┌────────

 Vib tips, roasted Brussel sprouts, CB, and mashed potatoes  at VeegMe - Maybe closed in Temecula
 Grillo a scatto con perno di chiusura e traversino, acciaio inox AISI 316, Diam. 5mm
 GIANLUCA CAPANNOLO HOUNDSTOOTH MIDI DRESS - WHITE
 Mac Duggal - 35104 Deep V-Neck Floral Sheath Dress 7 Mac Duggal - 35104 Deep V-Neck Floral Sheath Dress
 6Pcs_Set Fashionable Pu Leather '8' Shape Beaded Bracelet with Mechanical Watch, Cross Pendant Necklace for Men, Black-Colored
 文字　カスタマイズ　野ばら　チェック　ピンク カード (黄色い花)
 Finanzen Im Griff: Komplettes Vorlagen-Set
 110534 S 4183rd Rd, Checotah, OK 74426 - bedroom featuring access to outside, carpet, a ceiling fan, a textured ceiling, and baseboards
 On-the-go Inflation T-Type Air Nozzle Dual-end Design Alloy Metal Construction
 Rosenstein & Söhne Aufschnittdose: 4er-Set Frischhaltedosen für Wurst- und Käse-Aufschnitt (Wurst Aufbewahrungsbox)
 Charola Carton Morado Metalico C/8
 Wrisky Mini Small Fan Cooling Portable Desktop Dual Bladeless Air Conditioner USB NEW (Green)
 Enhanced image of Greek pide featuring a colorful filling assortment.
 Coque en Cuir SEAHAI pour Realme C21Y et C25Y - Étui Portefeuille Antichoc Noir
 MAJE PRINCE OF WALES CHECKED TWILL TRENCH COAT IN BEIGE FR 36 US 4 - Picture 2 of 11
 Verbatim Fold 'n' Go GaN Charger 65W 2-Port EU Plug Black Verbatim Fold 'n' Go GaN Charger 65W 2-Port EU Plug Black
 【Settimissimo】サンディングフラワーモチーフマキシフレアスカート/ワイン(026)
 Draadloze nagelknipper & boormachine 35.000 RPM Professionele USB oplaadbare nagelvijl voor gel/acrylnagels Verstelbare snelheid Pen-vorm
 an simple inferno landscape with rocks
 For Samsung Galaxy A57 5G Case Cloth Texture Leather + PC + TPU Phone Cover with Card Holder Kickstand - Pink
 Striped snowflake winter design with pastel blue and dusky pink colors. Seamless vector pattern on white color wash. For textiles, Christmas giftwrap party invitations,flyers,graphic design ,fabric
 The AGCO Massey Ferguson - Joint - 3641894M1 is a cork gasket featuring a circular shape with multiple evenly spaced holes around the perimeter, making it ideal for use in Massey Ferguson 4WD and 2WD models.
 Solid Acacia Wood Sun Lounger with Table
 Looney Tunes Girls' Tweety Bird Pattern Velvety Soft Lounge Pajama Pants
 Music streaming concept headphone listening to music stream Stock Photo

└────────

Action item: The word is "featuring". Copy every line above where it appears.

Answer space:
 110534 S 4183rd Rd, Checotah, OK 74426 - bedroom featuring access to outside, carpet, a ceiling fan, a textured ceiling, and baseboards
 Enhanced image of Greek pide featuring a colorful filling assortment.
 The AGCO Massey Ferguson - Joint - 3641894M1 is a cork gasket featuring a circular shape with multiple evenly spaced holes around the perimeter, making it ideal for use in Massey Ferguson 4WD and 2WD models.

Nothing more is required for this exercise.